With no money in the budget for such a move, Sarasota County leaders look to Resilient SRQ funds as possible source
By ChrisAnn Allen
Green space is at a premium in Sarasota County. And resiliency is of prime importance.
The Sarasota Board of County Commissions is listening to residents of Gulf Gate and considering a plan to purchase a former 49-acre golf course within the neighborhood and preserve and enhance the property for stormwater storage, clean runoff into Sarasota Bay, and to potentially reduce flooding in the area.
During a Sept. 12 meeting, commissioners unanimously approved a motion by District 4 Commissioner Joe Neunder to request staff to investigate the feasibility of purchasing the golf course and present options to the board.
The property is owned by a developer but plans for residential development on the site have not materialized and have faced opposition from homeowners.
Currently, there is no county funding apportioned to purchase the property.
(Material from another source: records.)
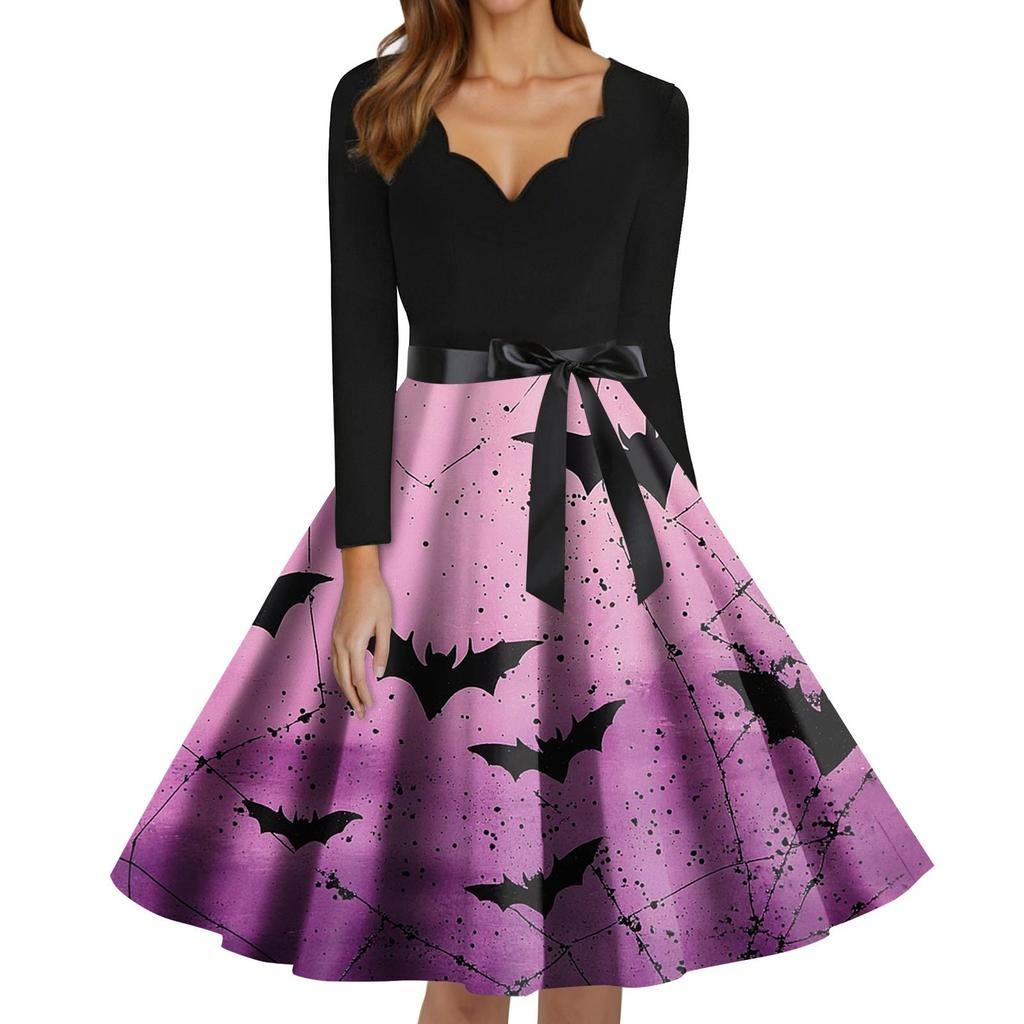 Women's Fashion V-Neck Casual Slim Fit Halloween Printed Long Sleeve Dress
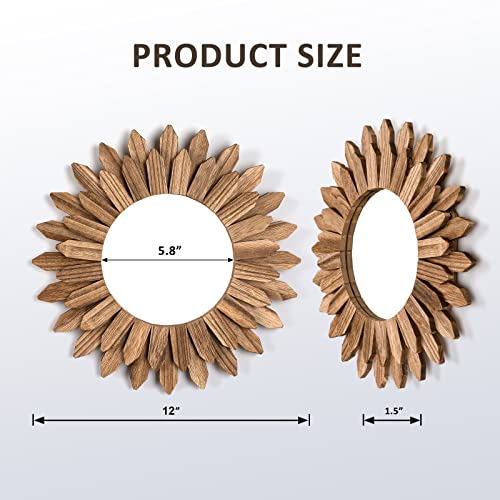 Honiway Wall Mirror Decorative 12 inch Rustic Wood Mirror Sunburst Boho Mirror for Entryway Bedroom Living Room Bathroom H...
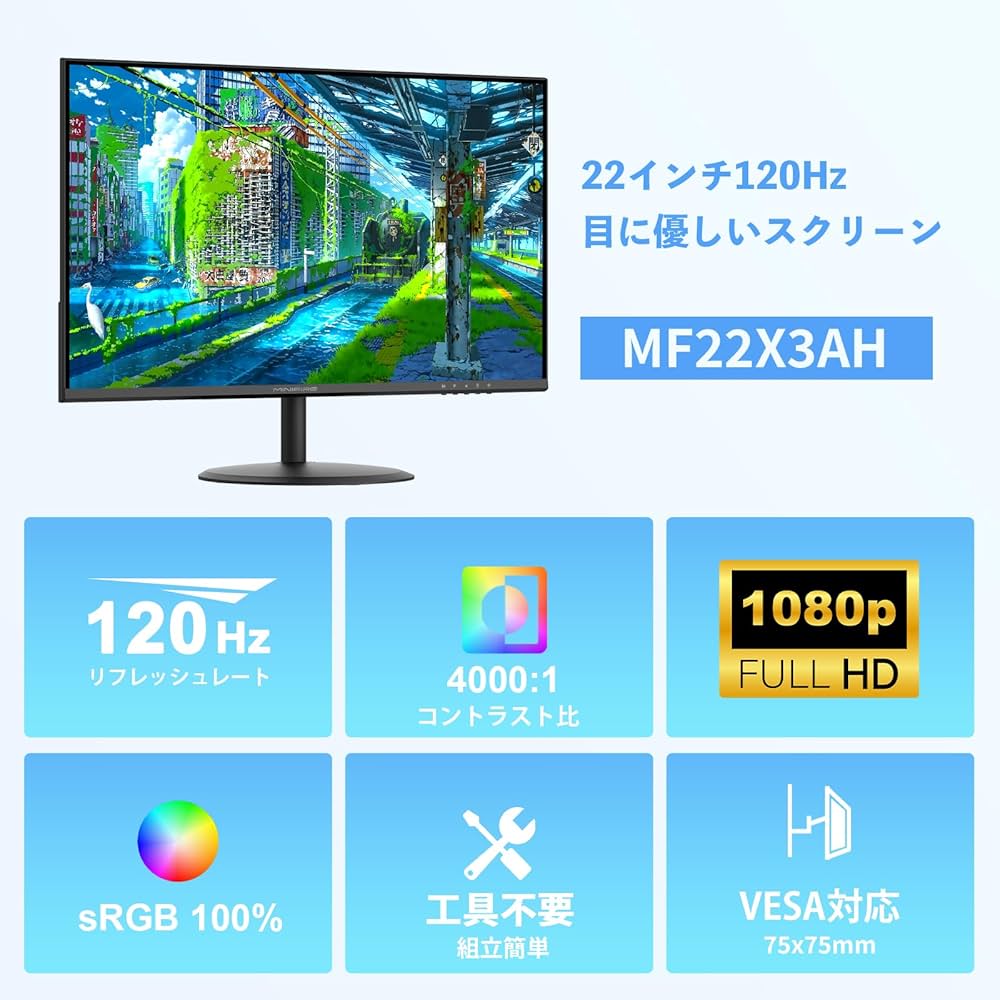 Amazon.co.jp: Minifire モニター 21.5インチ pcモニター 120Hz フルhd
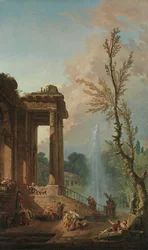Das Portikus eines Landhauses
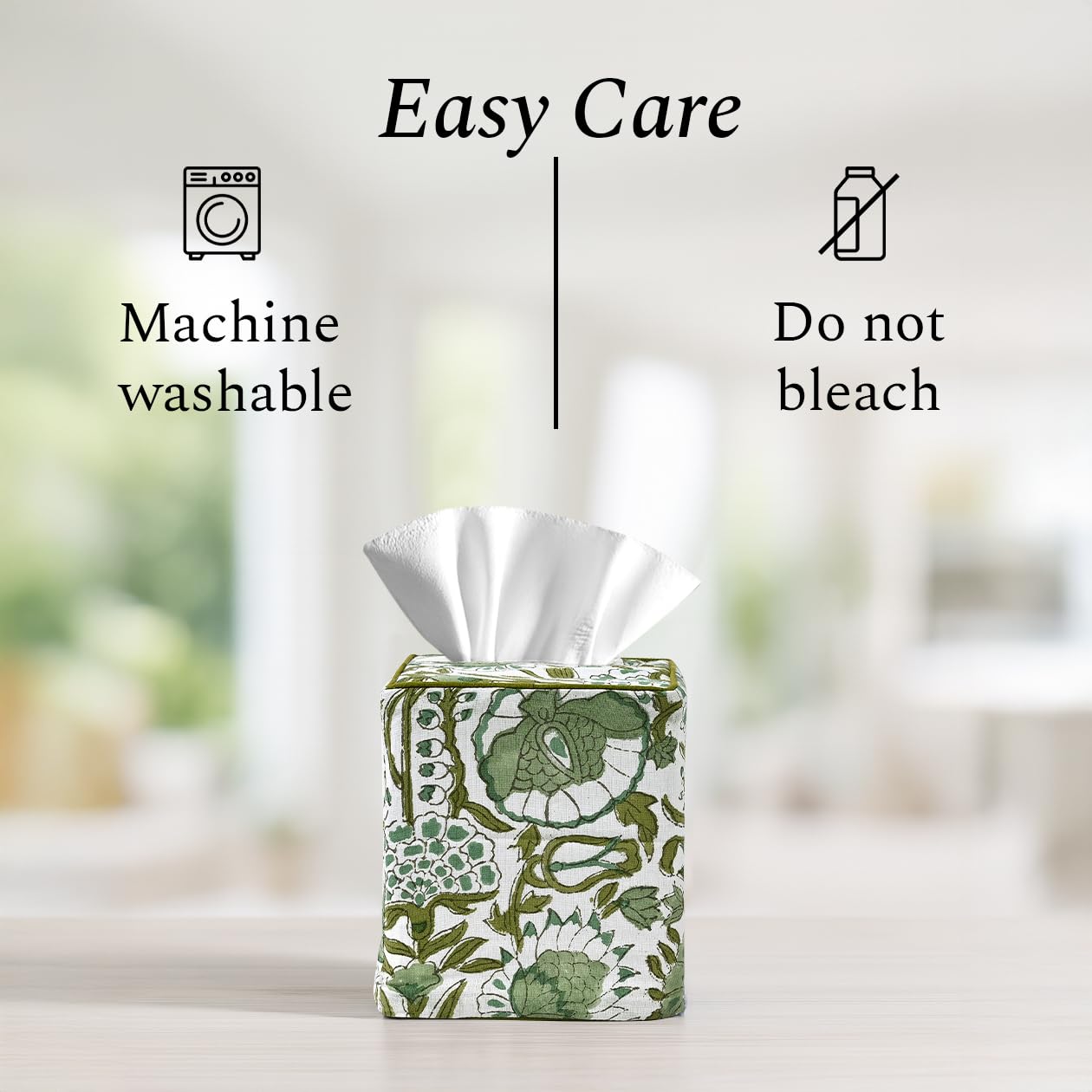 CPC Agate Green Hand Block Printed Cotton Tissue Box Cover 5" x 5" x 5.5" Square Soft Reusable Boho Napkin Holder for Home Kitchen Dining Bathroom Office Cafe Spa, Gift for Spring, Mother's Day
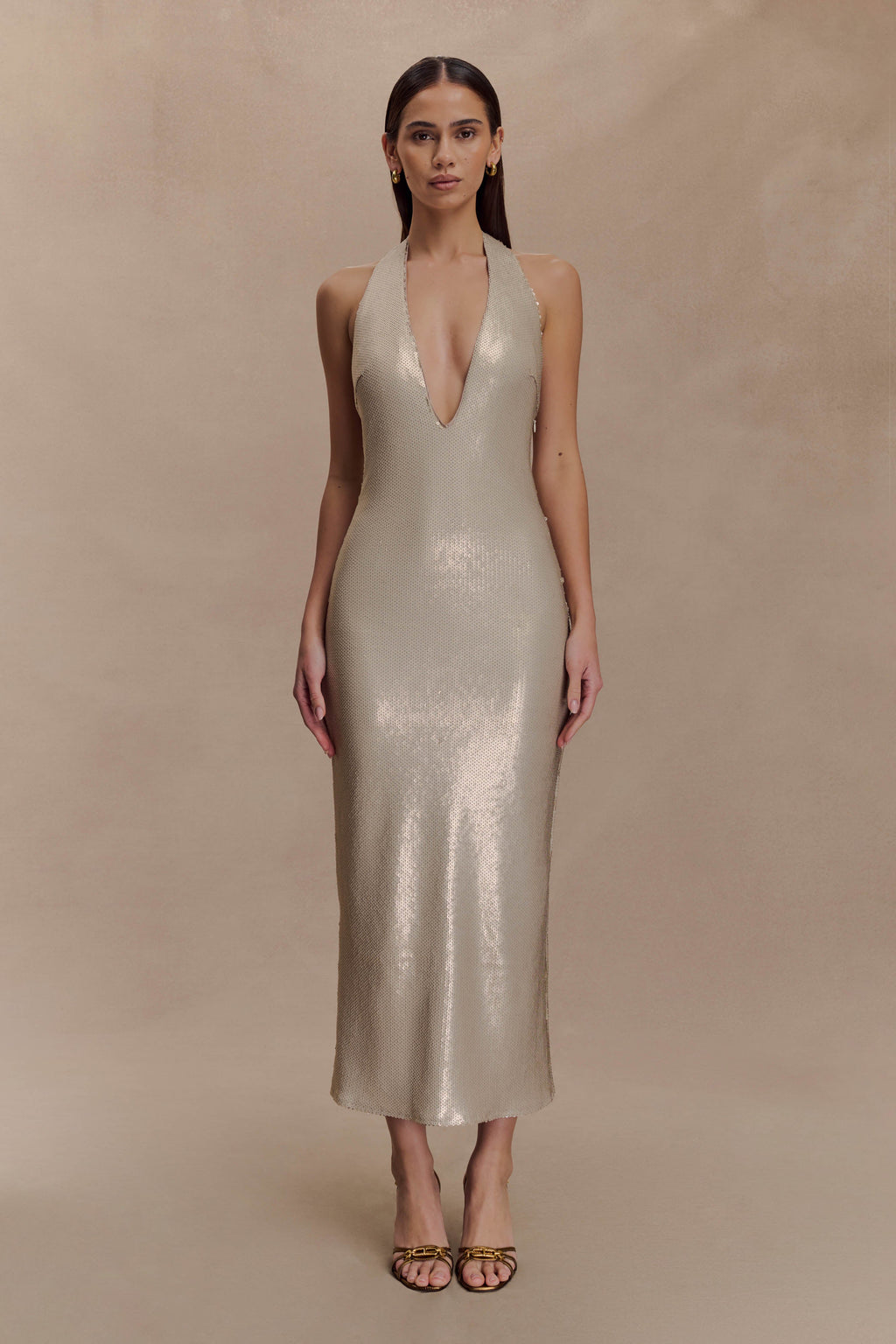 Carnation Sequin Halter Midi Dress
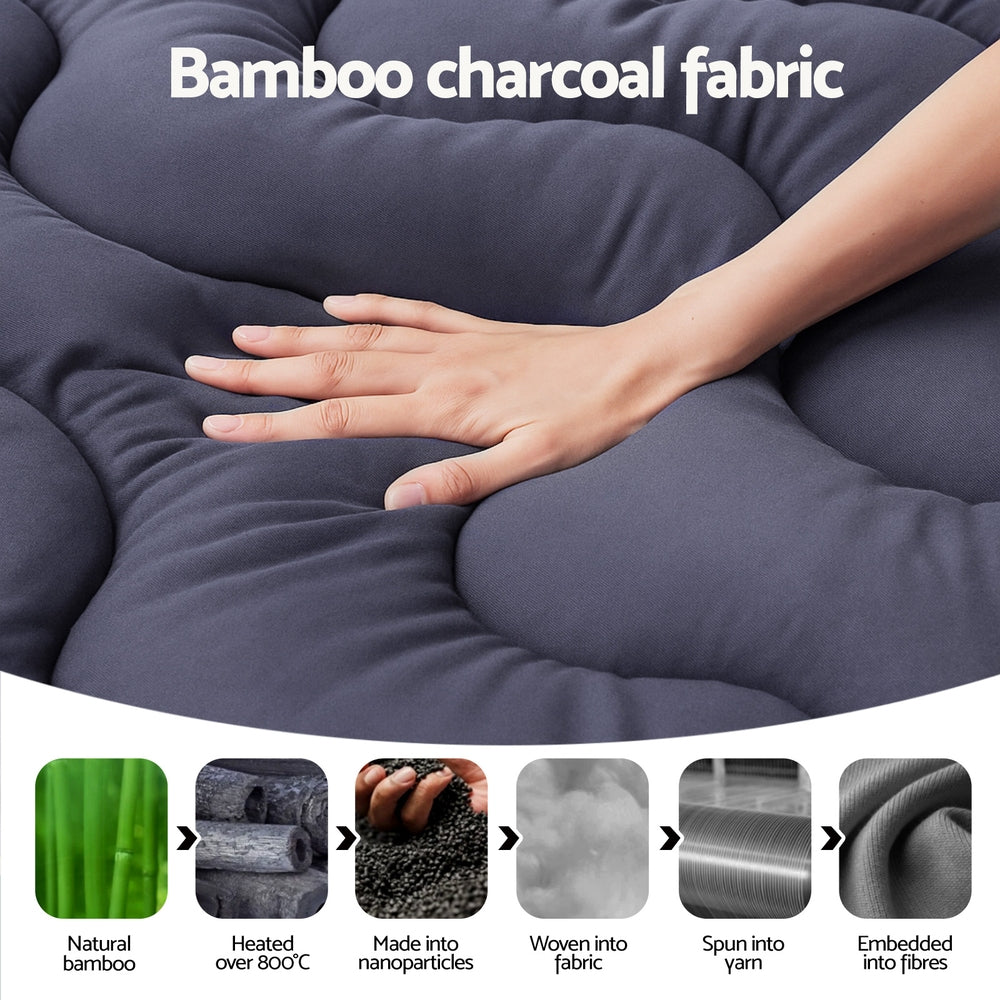 5cm Mattress Topper Pillowtop toppers Bamboo Charcoal Double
The highest appraisal of it is valued it at $4,586,000, according to a report by the county’s Public Works Department.
During a discussion later in the meeting for plans to allocate Resilient SRQ funding, a program resulting from $201 million awarded by the U.S. Department of Housing and Urban Development as part of its Community Development Block Grant-Disaster Recovery Program to assist with Hurricane Ian recovery and mitigation efforts, District 3 Commissioner Neil Rainford shared a spreadsheet of potential projects that included $5 million for Gulf Gate stormwater flood control, mitigation, and bay preservation.
Additionally, the property lies within the Matheny Creek region, which was listed among areas potentially eligible for funding, according to a presentation by Resilient SRQ staff.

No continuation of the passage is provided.